Cardinal Beran was a heroic figure of the 20th century who fought zealously for religious freedom.
This coincides with a recent return of Cardinal Beran’s body to the Czech capital of Prague, a request he had inserted into his will. He greatly loved his home country, but was forced into exile because of his opposition to the communist regime in Czechoslovakia. He died in Rome at the age of 80 in 1969.
Beran experienced great persecution during most of the later part of his priesthood. He was ordained in 1911 and worked as a spiritual director and professor for several years, before being named a monsignor in 1936.
Then as World War II progressed, Beran became increasingly defiant to the Nazis. He proclaimed that he would celebrate a Mass for the many prisoners of war and by June 6, 1942, the Nazis arrested him and later sent him to the notorious Dachau concentration camp. Beran nearly died while in captivity, but was able to survive until the camp was liberated in 1945.

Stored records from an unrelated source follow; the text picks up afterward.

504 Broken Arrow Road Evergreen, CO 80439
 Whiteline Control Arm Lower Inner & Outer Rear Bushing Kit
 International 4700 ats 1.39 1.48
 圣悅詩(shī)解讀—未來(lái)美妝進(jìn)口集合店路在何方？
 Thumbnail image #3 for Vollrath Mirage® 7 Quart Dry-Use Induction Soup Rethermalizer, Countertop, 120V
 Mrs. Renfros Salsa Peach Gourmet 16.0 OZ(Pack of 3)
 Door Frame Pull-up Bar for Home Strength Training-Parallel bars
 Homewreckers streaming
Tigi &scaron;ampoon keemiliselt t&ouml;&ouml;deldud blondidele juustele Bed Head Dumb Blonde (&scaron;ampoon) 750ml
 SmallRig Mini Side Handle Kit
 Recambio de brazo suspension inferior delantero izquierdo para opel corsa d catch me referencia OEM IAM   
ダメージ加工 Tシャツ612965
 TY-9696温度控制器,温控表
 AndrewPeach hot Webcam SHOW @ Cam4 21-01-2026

Shortly after his return, he was appointed the Archbishop of Prague, but that only brought more persecution from the incoming communist regime. According to Vatican News, “Beran publicly opposed the new regime. He was put under house arrest and moved by the secret police from village to village. Authorities wanted to cut the ties between him and his flock. The regime jailed thousands of Catholic priests, monks, nuns and active Catholic lay people. Communists also confiscated property and destroyed churches and monasteries as they saw the church and devoted Christians as their arch-enemy.”
Beran was eventually able to leave the country for Rome, but only did so in order to gain concessions for the Church in the country. The communists made such concessions with the stipulation that Beran would not be allowed to return. He remained in exile in Rome until his death in 1969.
He was elevated to the level of cardinal in 1965 and was an active participant in the Second Vatican Council. Beran was an ardent supporter of religious freedom and made his voice heard at the Council.
Since his death, Beran’s life has been an inspiration to many, and he is seen as a heroic defender of the Church during a time of such intense persecution in his country.